Holdren and Lubchenco are on the scientific fringe of global warming alarmism. They make claims that are not supported by the scientific literature.  My colleague Julie Walsh has assembled some quotes from Holdren here. We’ll try to put together some from Lubchenco as well and post them on the globalwarming.org blog.

Much more can be said about them individually, but suffice it to say that the Obama Administration’s energy and climate team is a disaster. While he has chosen moderate establishment Democrats for the macro-economic jobs, his micro-economic policy appointees on energy policy will wreck the economy for a generation if President Obama and the Congress adopt their policies.

Around the World

EU’s Climate Plan Is All Smoke and Mirrors

Iain Murray

So if the EU has just put together an agreement to reduce emissions by 20% by 2020, why are the climate alarmist groups calling it “a dark day” and “an embarrassment”?

Well, the answer is because the actual agreement is for a 4% reduction (also explained in the last link, but Roger Pielke Jr does it better). And that may be null and void if a global agreement doesn’t emerge at Copenhagen next year, which it probably won’t.

Note also that the “rich” countries of the EU-15 have actually failed to make any dent in their emissions since the early 1990s and that the former Eastern bloc countries have failed to reduce emissions since 2000. Of course, they have a recession that will reduce emissions over the next couple of years, and if they’re silly enough to adopt the policies that will turn it into a Great Depression, they might just hit their targets.
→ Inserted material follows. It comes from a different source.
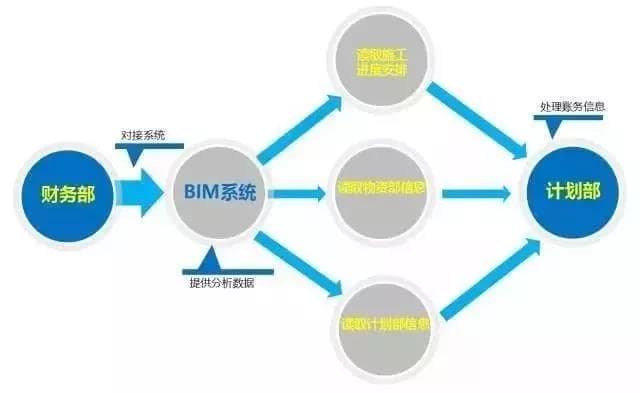 BIM，最经典“入门手册”！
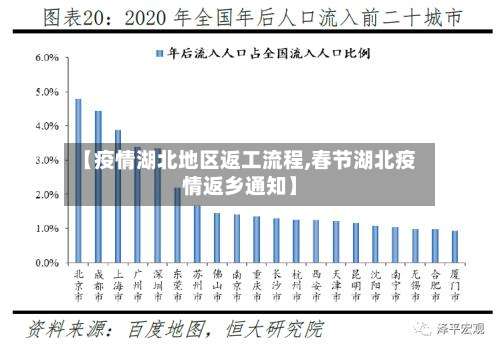 【疫情湖北地区返工流程,春节湖北疫情返乡通知】-第1张图片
There will be singing and dancing among the ruins, I am sure, when that takes place.

Across the States

California, New Jersey

Los Angeles has a solar power measure on the ballot for the city referendum this March. Measure B, titled “Green Energy and Good Jobs for Los Angeles,” would require the LA Department of Water and Power to build 400 megawatts of distributed generation on publicly owned rooftops. The LA Times reports today that Chief Legislative Analyst Gerry Miller warned that the solar measure could result in “substantial increases” to the electricity bills of DWP customers. In 2000, L.A. announced it would become the “Solar Capital of the World,” with solar panels on 100,000 rooftops by 2010. Three years and $80 million later–to outfit 600 rooftops at a cost of $13,000 each–the city cancelled the project as cost-ineffective, 99,400 buildings short of its goal.
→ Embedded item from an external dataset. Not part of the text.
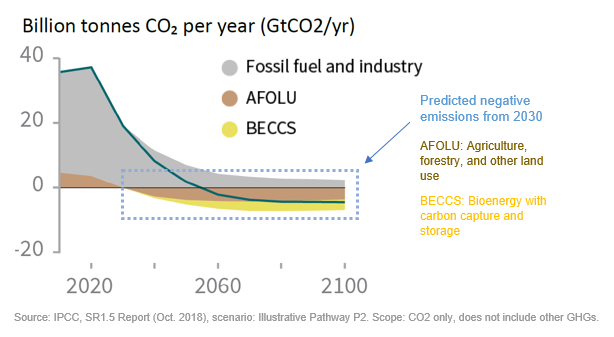 Billion tonnes CO2 per year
The New Jersey Department of Environmental Protection released its plan to reduce greenhouse gas emissions to 1990 levels by 2020. The proposals were crafted by former DEP head Lisa Jackson, who was tapped this week by President-elect Barack Obama to lead the Environmental Protection Agency. The plan has three components. The first is Governor Corzine’s Energy Master Plan (read here why it’s a boondoggle). The second part of the plan is to regulate tailpipe emissions from cars, but a federal court have yet to decide whether states have the authority to regulate fuel efficiency, and even if they did, the $100 billion regulatory burden would ruin the American auto industry. The final component is New Jersey’s participation in a regional energy rationing program that is designed to increase the price of energy.